RECORD SET Start Marker

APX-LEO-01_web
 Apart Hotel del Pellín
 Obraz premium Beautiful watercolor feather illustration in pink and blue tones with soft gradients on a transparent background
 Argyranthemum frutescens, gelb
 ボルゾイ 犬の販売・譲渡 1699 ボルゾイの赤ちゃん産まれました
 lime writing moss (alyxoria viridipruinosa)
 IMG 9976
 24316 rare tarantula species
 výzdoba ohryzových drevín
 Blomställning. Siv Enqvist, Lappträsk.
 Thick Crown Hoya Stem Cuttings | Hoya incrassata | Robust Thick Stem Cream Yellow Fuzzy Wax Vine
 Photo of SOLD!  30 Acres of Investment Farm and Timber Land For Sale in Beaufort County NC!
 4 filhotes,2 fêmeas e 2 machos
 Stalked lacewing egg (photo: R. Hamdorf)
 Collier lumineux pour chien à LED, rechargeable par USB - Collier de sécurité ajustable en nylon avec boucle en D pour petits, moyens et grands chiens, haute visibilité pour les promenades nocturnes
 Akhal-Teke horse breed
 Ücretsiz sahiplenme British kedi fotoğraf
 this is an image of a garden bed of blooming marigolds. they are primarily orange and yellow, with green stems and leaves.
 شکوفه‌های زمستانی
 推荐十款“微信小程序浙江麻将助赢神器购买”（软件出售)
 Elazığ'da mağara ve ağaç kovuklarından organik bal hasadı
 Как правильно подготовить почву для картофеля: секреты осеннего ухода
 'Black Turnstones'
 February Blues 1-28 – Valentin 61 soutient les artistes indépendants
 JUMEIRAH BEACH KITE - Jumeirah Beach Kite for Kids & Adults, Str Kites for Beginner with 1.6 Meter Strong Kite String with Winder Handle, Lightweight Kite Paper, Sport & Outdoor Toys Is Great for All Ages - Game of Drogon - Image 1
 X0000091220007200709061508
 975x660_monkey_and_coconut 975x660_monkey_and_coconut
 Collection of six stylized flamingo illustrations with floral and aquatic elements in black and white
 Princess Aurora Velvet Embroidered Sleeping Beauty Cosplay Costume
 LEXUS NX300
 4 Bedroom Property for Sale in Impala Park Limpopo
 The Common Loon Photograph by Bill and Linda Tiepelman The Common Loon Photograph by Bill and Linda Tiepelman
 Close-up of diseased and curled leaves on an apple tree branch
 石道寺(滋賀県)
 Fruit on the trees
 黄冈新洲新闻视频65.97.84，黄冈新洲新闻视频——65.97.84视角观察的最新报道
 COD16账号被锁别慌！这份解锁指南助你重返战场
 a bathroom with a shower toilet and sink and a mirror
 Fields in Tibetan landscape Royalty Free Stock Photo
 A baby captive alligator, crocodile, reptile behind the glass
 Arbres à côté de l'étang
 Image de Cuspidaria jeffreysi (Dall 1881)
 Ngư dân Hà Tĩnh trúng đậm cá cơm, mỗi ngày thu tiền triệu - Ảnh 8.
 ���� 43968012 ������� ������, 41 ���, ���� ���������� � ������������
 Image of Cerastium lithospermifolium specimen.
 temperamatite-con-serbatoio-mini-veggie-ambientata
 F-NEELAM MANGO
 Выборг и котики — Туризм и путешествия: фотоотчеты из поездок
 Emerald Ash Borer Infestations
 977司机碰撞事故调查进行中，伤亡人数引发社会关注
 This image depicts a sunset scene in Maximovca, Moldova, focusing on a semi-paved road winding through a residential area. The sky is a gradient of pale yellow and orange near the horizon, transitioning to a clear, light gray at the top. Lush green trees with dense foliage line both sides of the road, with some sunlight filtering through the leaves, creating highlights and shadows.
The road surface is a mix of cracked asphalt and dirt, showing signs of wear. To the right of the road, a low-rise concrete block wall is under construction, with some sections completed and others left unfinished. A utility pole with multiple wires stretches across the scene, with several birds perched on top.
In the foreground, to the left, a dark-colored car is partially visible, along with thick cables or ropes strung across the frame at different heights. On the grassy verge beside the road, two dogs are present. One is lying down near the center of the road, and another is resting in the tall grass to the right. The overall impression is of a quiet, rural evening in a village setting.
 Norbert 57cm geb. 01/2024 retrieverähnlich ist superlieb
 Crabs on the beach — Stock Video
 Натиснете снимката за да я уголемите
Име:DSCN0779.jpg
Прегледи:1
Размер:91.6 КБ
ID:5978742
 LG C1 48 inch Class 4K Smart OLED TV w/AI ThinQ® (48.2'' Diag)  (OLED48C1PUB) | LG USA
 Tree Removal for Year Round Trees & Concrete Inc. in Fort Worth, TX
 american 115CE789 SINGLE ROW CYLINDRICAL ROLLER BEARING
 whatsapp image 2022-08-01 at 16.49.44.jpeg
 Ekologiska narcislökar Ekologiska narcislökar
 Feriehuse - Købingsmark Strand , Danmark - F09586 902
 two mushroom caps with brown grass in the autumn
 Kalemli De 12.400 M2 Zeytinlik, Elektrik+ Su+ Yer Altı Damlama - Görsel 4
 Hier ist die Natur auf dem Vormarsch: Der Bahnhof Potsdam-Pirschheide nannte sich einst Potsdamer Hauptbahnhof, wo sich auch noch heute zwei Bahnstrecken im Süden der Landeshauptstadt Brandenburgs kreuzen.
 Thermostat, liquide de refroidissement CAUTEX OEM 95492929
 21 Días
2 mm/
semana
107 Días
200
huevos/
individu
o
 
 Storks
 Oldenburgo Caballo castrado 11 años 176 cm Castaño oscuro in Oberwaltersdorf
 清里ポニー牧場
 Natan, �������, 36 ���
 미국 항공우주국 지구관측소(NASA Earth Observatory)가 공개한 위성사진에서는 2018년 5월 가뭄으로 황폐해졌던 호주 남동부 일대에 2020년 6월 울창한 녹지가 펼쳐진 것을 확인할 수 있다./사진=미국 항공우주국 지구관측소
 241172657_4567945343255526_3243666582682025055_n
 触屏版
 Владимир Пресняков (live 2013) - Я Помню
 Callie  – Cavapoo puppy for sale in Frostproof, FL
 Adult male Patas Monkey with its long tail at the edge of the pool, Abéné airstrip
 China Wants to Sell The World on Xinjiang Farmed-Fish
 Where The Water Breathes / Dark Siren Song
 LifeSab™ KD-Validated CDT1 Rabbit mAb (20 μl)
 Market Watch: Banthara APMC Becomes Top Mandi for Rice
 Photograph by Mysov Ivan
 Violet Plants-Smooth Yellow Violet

RECORD SET End Marker

#### TASK:
Identify the lines above that contain the word "Photograph", then copy them.

#### REPLY TO THE TASK:
 The Common Loon Photograph by Bill and Linda Tiepelman The Common Loon Photograph by Bill and Linda Tiepelman
 Photograph by Mysov Ivan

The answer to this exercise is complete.